What you will do: Pictures aside, output each record exactly.

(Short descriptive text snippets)
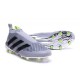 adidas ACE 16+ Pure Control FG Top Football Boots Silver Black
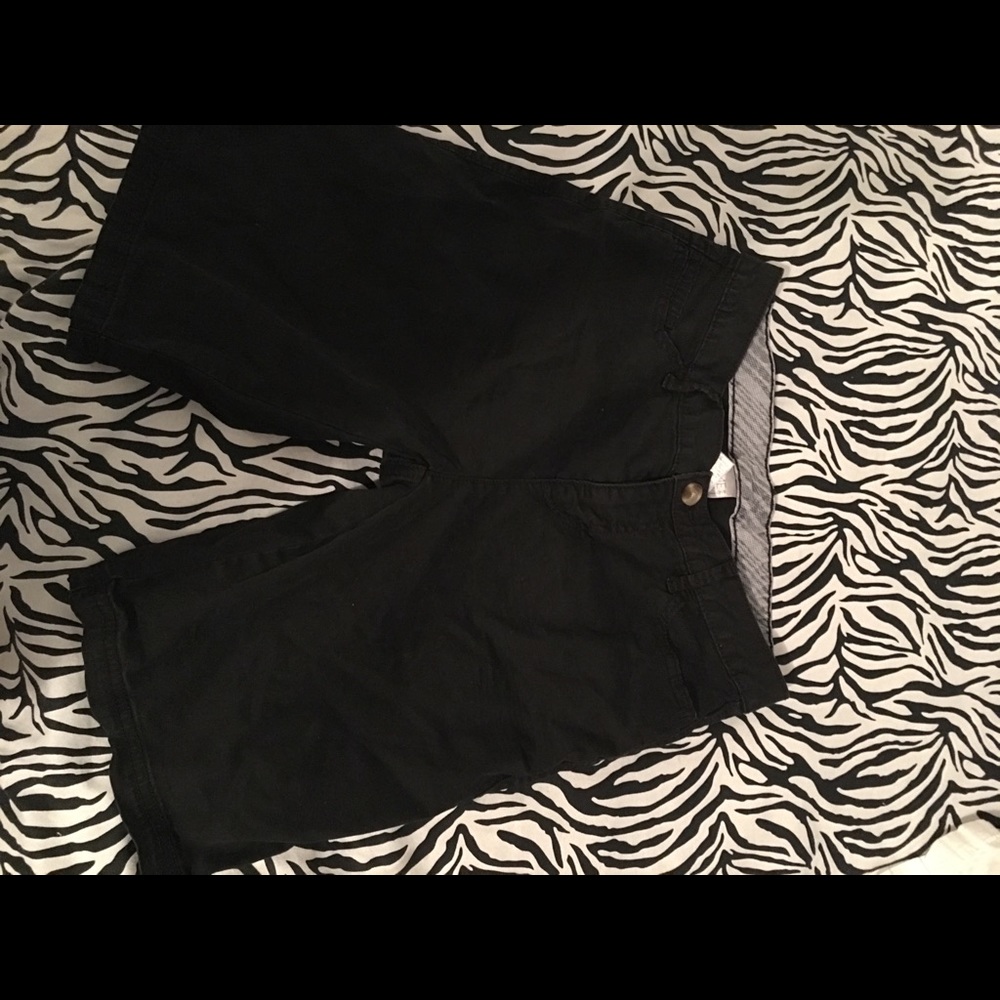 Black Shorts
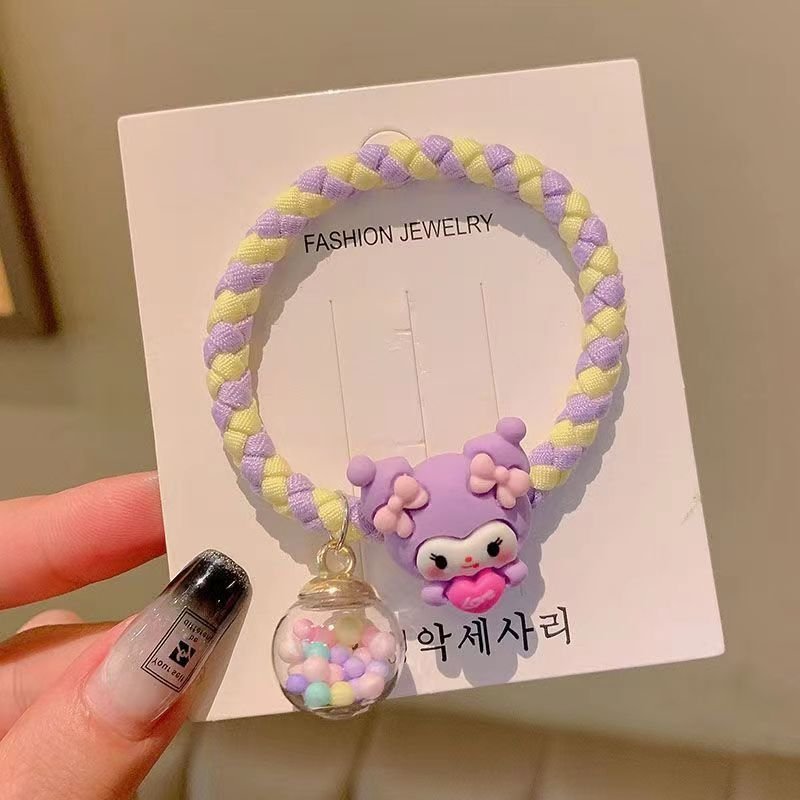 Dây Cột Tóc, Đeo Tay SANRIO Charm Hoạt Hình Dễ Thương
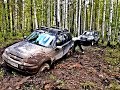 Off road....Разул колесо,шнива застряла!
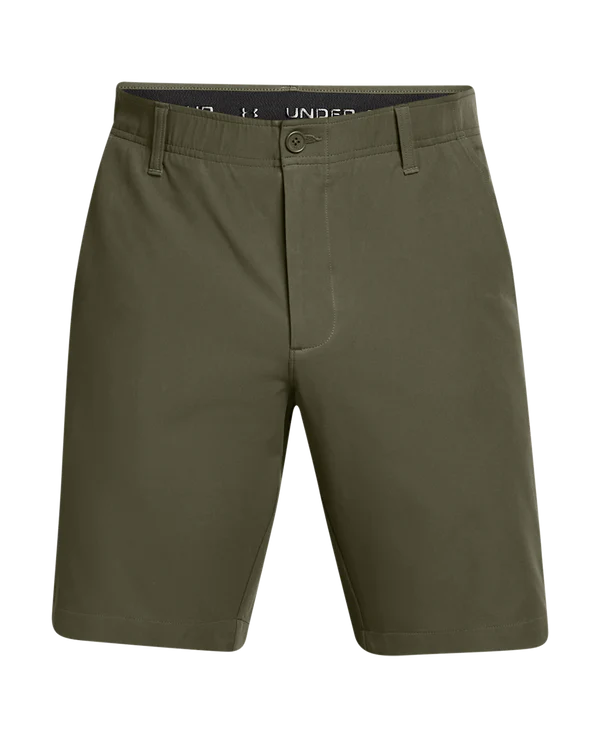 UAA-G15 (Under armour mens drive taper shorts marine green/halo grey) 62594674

Answer:
 adidas ACE 16+ Pure Control FG Top Football Boots Silver Black
 Black Shorts
 Dây Cột Tóc, Đeo Tay SANRIO Charm Hoạt Hình Dễ Thương
 Off road....Разул колесо,шнива застряла!
 UAA-G15 (Under armour mens drive taper shorts marine green/halo grey) 62594674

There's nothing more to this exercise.